I forgot to do this post last night, hence it going up somewhat later than usual.
I’m rather confused about my body at the moment. In case you’re wondering, no, I’m definitely straight. What I’m confused about is how come I’ve lost weight over the last week. It would seem I have a rather faster metabolism than I thought. Which isn’t a bad thing, just kind of strange. It might explain why I stopped losing weight at my previous (much lower) calorie intake and only started losing again when my intake went over 2k a day. I’m not going to question it too hard. I’m just grateful the weight is coming off. That’s fine by me.
I also realised I cannot have any gluten at all. Which is rather boring really, but hey, if that’s what it takes to be healthy and happy, then that’s what I’ll do. Getting stomach cramps and fatigue after a few biscuits (cookies to the Americans) takes all the fun out of having biscuits. Or normal bread. Or, you know, 95% of what you can buy in most supermarkets. Just got to plan my meals out a bit more. Given how I didn’t do any planning over most of the last couple of months, even a little planning will go a long way.
I haven’t been to the gym since Thursday. Thankfully my back is strong enough to handle this. Mostly. There was some sciatica last night, but it faded after a while, which I take as a good sign. The last time I had sciatica while in bed I ended up having to lie in a particular position, which wasn’t uncomfortable, but didn’t leave me any wiggle room at all. And usually I’m a wiggler, so it was annoying. The sciatica going away without having to treat my body like a tower-that-mustn’t-lean is definitely a plus.
So I remembered to buy gluten-free bread and cookies this morning. This evening I will bake some gluten-free cupcakes to take to the doghouse with me so that I’m not spending money on cookies. Which reminds me. Sod. I have to go out again to buy eggs. I’m not sure I can be bothered to move. I’ll let you know how this pans out.

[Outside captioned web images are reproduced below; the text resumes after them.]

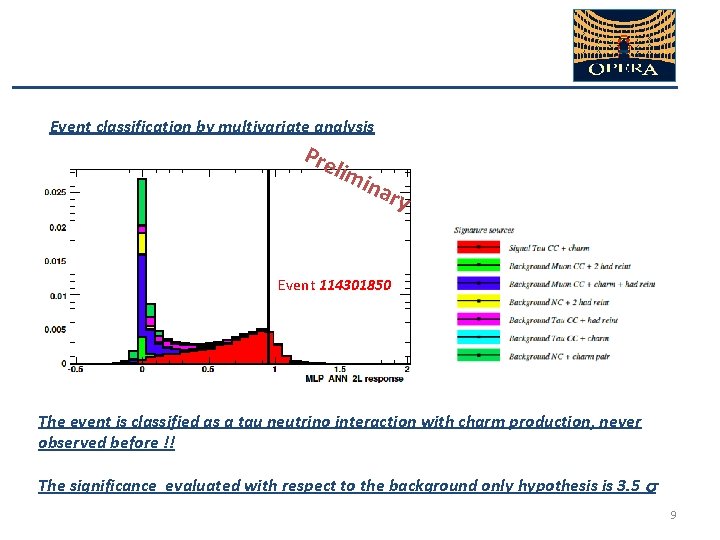 Event classification by multivariate analysis Pre lim ina ry Event 114301850 The event is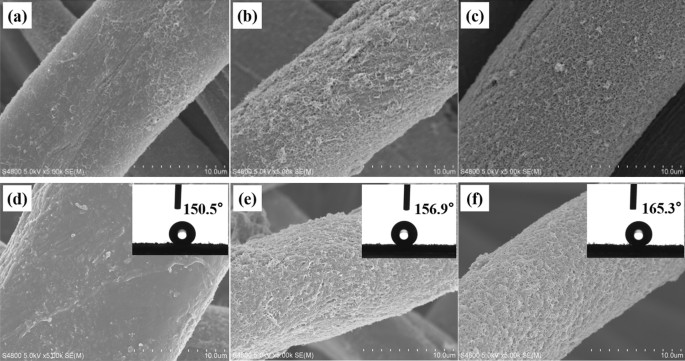 Fabrication Of Superhydrophobic Photothermal Conversion Fabric Via Layer By Layer Assembly Of Carbon Nanotubes Springerlink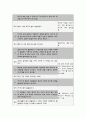 클라이언트 면담(상담)일지 4페이지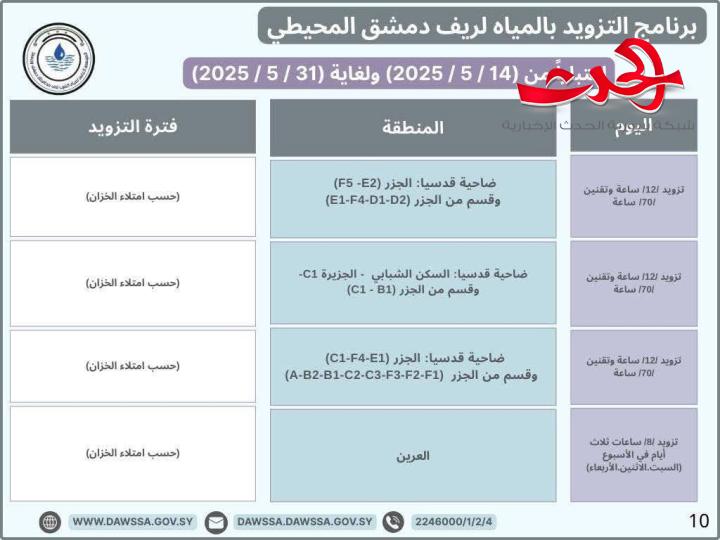 "مؤسسة المياه": تطلق برنامج جديد لتزويد المياه في مدينة دمشق و ريف دمشق 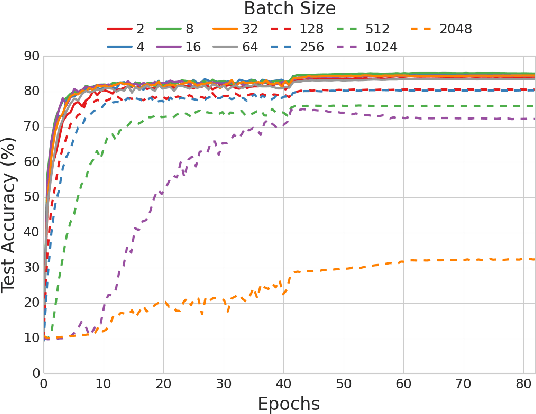 Figure 4 for Revisiting Small Batch Training for Deep Neural Networks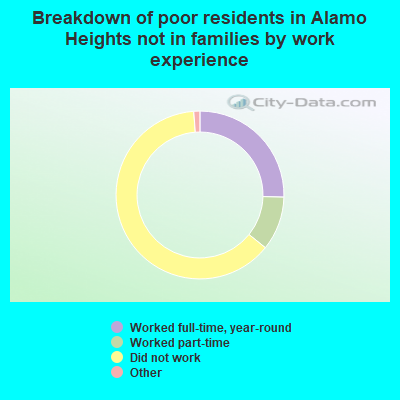 Breakdown of poor residents in Alamo Heights not in families by work experience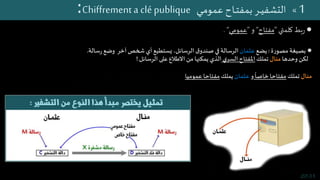 ‫ليكن‬p‫و‬q‫بحيث‬ ‫مختلفان‬‫أوليان‬ ‫عددان‬p>2‫و‬q>2.
‫نضع‬n = pq‫و‬m = (q-1)(p-1).
‫ليكن‬e‫بحيث‬ ‫طبيعي‬ ‫صحيح‬ ‫عدد‬e Ʌ ...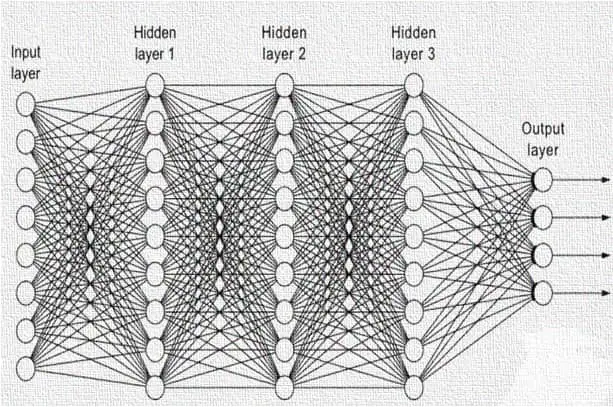 Deep Learning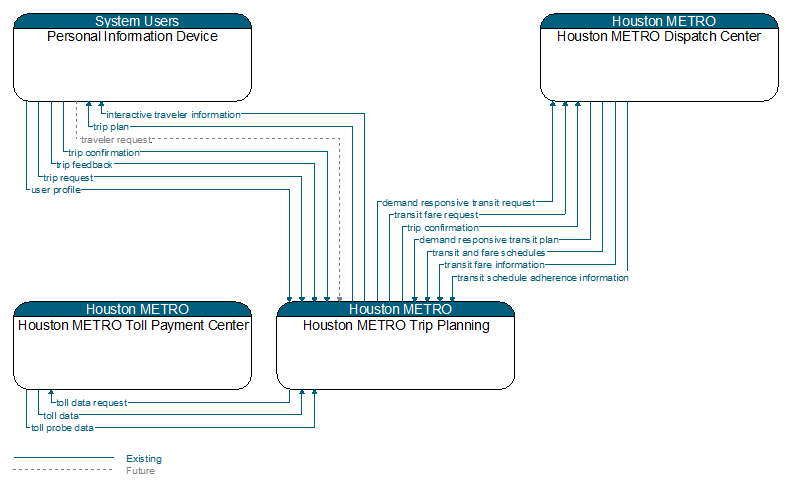 Context Diagram - Houston METRO Trip Planning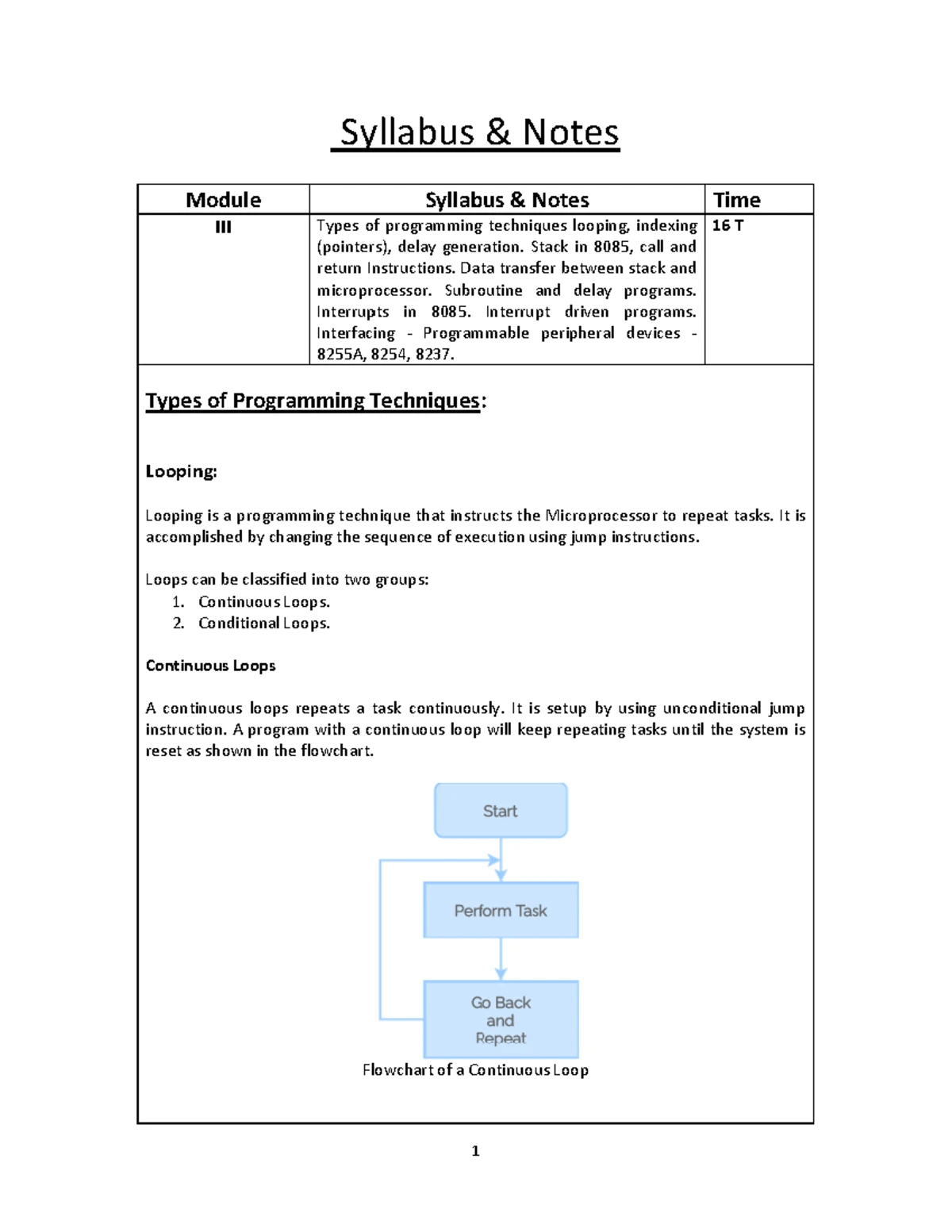 MP Module 1 - notes - MODULE 1 INTRODUCTION TO MICROPROCESSOR 1 ...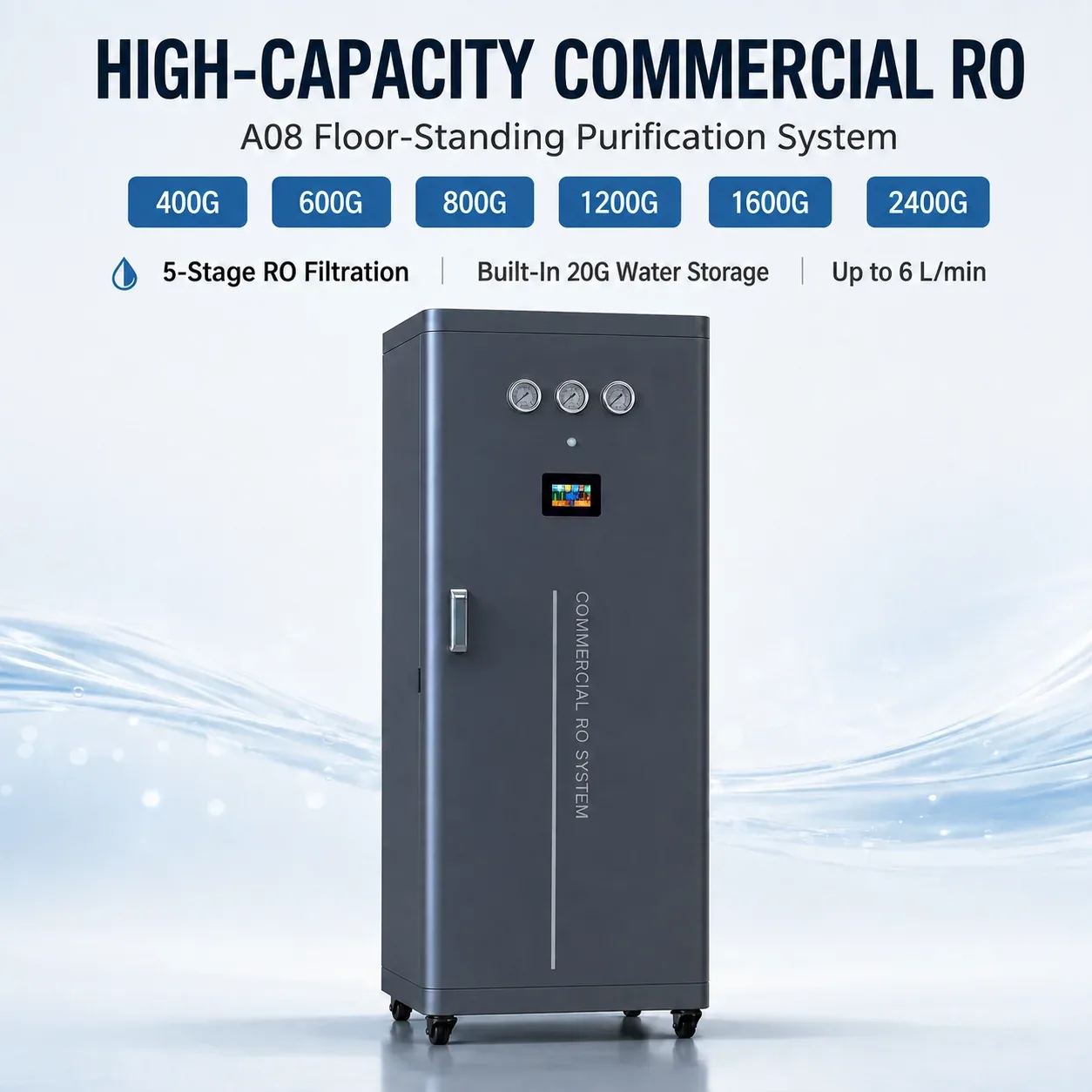 A08 Premium High Capacity Product Hero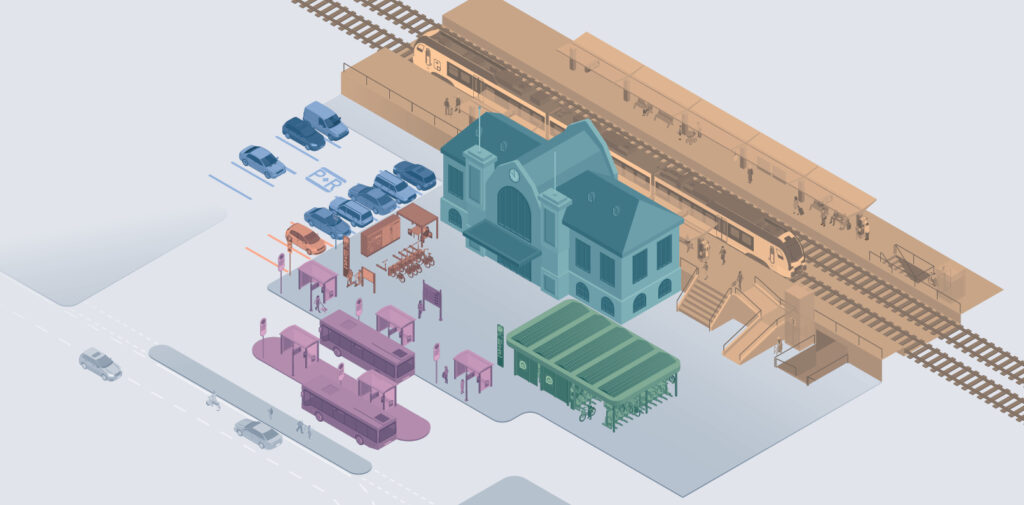 Grafik zu Elementen der Bahnhofsumfeldgestaltung, Foto: VBB GmbH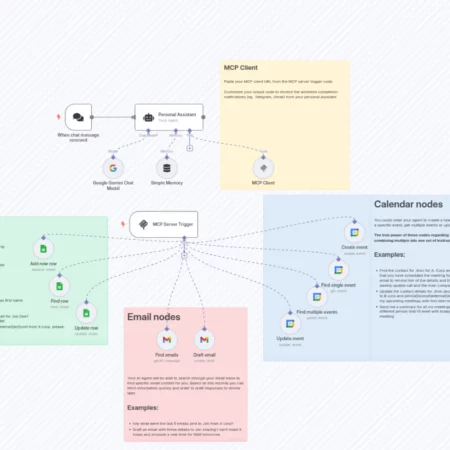 Создайте персонального помощника с помощью Google Gemini, Gmail и Календара, используя MCP n8n шаблон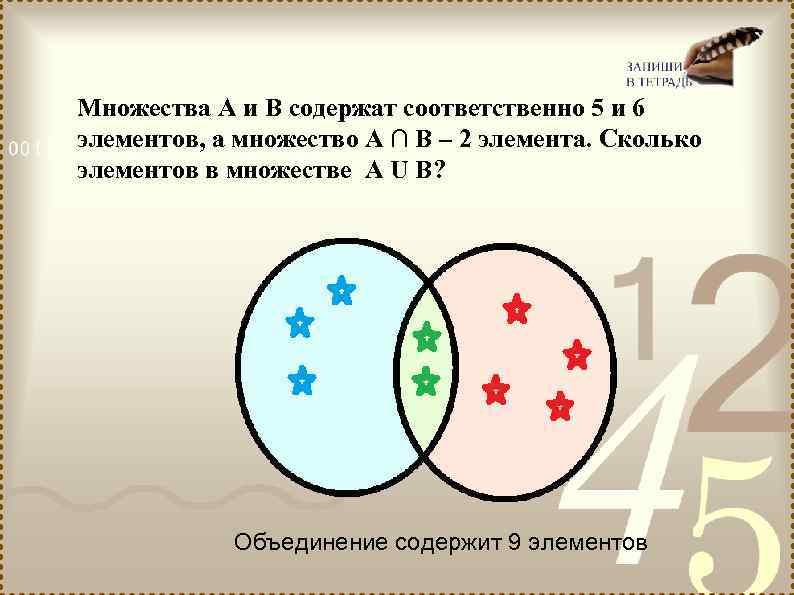 Множества А и В содержат соответственно 5 и 6 элементов, а множество А ∩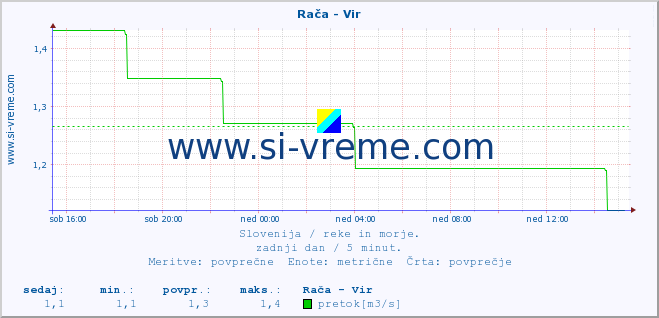 POVPREČJE :: Rača - Vir :: temperatura | pretok | višina :: zadnji dan / 5 minut.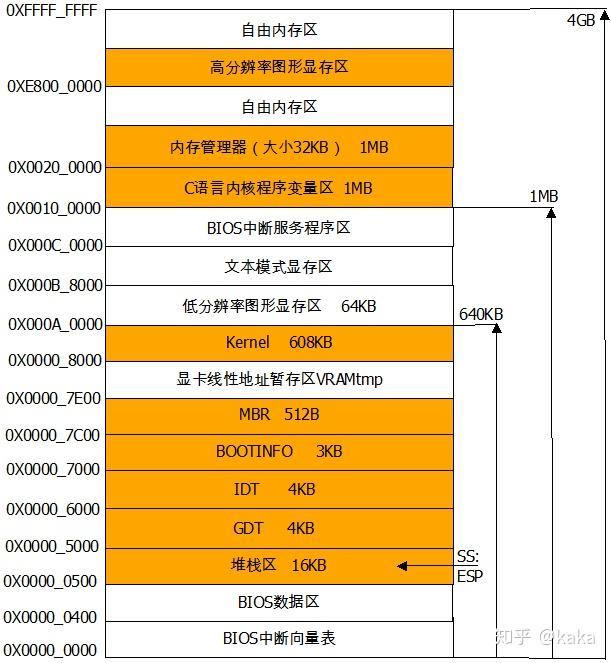 内存扩容大揭秘：从几十兆到上百GB，计算机内存容量有多大？  第4张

I had a “moment” this morning. This is when I get annoyed about something and it makes my brain shut down. Not like going into a coma or anything. Well, actually, it is like that, but just my creative side. There I was, wanting to do some work on the book and my brain wouldn’t be creative at all. It just wouldn’t come, like someone shut the door and went to bed. Thanks a lot, Muse. Eventually I sorted the problem and my brain opened up again. It was a very neat (as in tidy, not cool) reminder that my creativity is tied to my emotions and I cannot work if I’m not calm and relaxed. And by work, I mean create. Write, plan, plot, whatever. If I’m not calm, my muse stays away.
This is a big thing for me to realise. I used to get upset about a lot of things. I used to get angry about a lot of things. Now I realise that when I react that way and can’t let go of those emotions, the only person who gets hurt is myself. Those feelings cut me off from what I do best, from the only thing I want to do. I realised this is why you should only deal with people who make you happy. Let’s face it, the source of most emotional upset is other people. So I will now make an effort only to deal with people who make me happy. I’ll have to deal with the others every now and again, but given the choice, I’ll stick to the happy-makers.